Lets clear up some possible confusion, the established/related rule is to dynamically open ports to software that is allowed to connect to the outside world, and has done so already through an allowed channel, in the most simple case by and allow local rule( allow all outbound traffic from local interface).

There are normally two chains you need to be looking at FORWARD and INPUT, but in this case I'm not sure FORWARD is going to be of any use to you as technically your not forwarding any connections (I dont think lo to eth0 counts).
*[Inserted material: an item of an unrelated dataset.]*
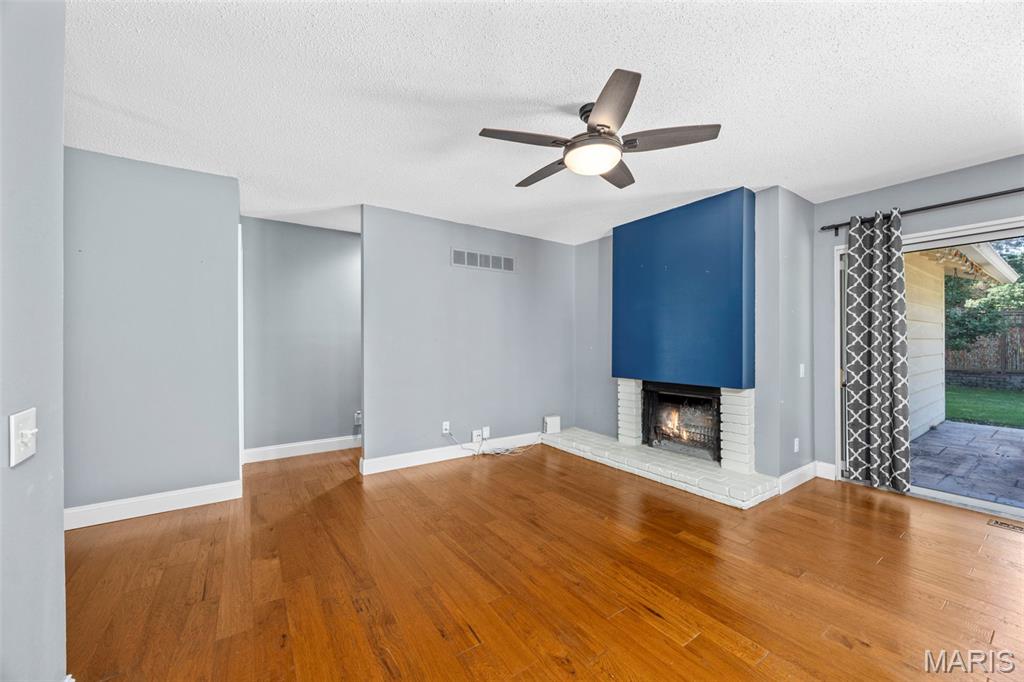 12194 Nettlewood Court Property Photo 16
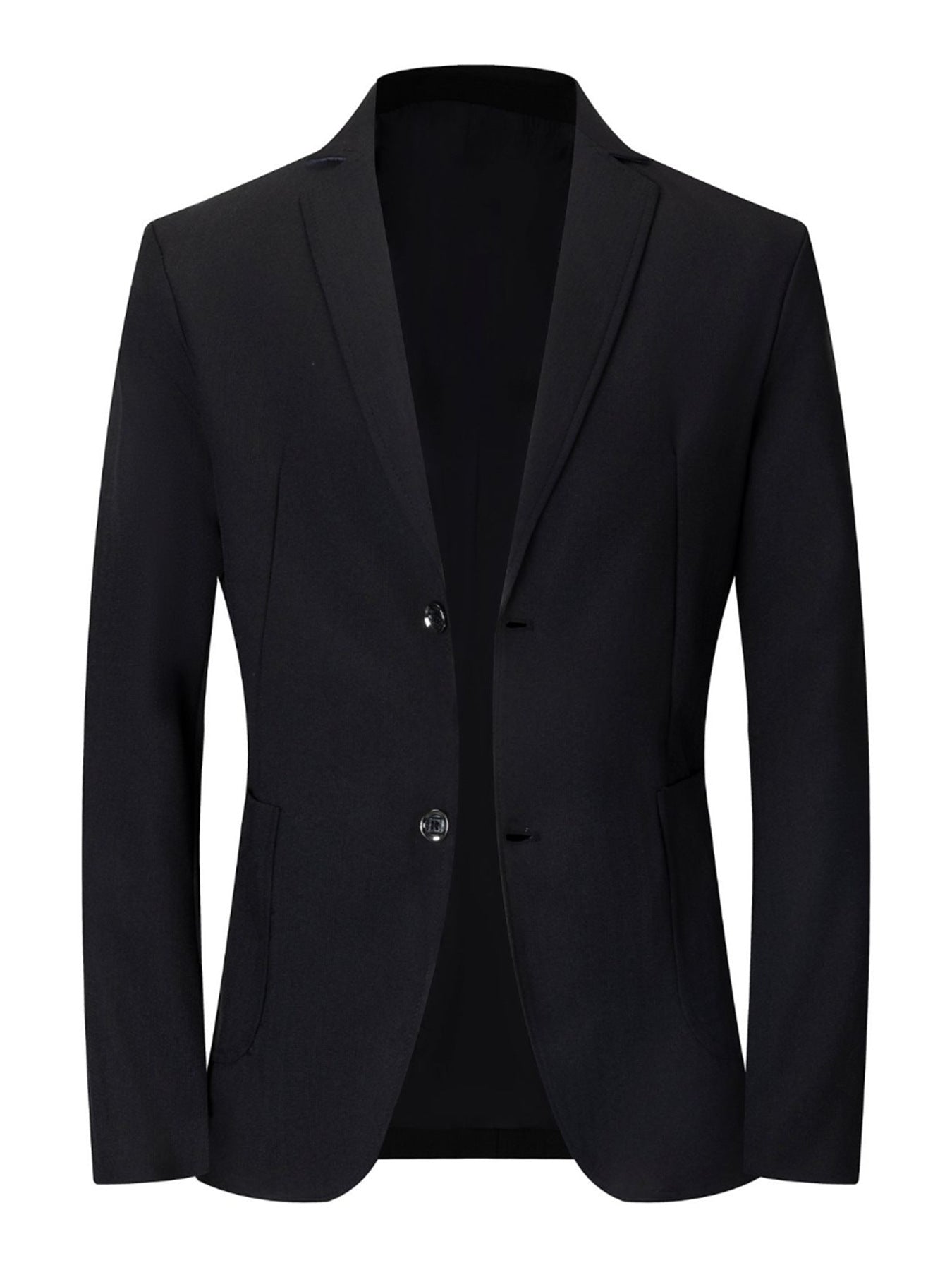 Women's Blazer Elegant Slim Design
All the default policies are set to DROP, thats fine.

To allow lo-lo traffic

```
iptables -A INPUT -i lo  -j ACCEPT

iptables -A OUTPUT -o lo -j ACCEPT
```

this way amarok and whatever else calls local can get through, but you haven't allowed arbitary outbound access

Then, for example allow web browsing and ftp

```

iptables -A OUTPUT -m state --state RELATED,ESTABLISHED -j ACCEPT

iptables -A INPUT -m state --state RELATED,ESTABLISHED -j ACCEPT

iptables -A OUTPUT -o eth0  -p tcp -m tcp --dport 21 -m state --state NEW -j ACCEPT

iptables -A OUTPUT -o eth0  -p tcp -m tcp --dport 80 -m state --state NEW -j ACCEPT
```

The established/related(RE) rule here allows iptables to dynamically open ports to your web browser and ftp program, as it will have allready have a related connection to destination port 80/21 on the server.

To test these simple rules try to contact a known webserver that allows port 81 connections (common for bypassing local proxies), then an ftp server that connects in passsive mode after contact to test the RE rules properly.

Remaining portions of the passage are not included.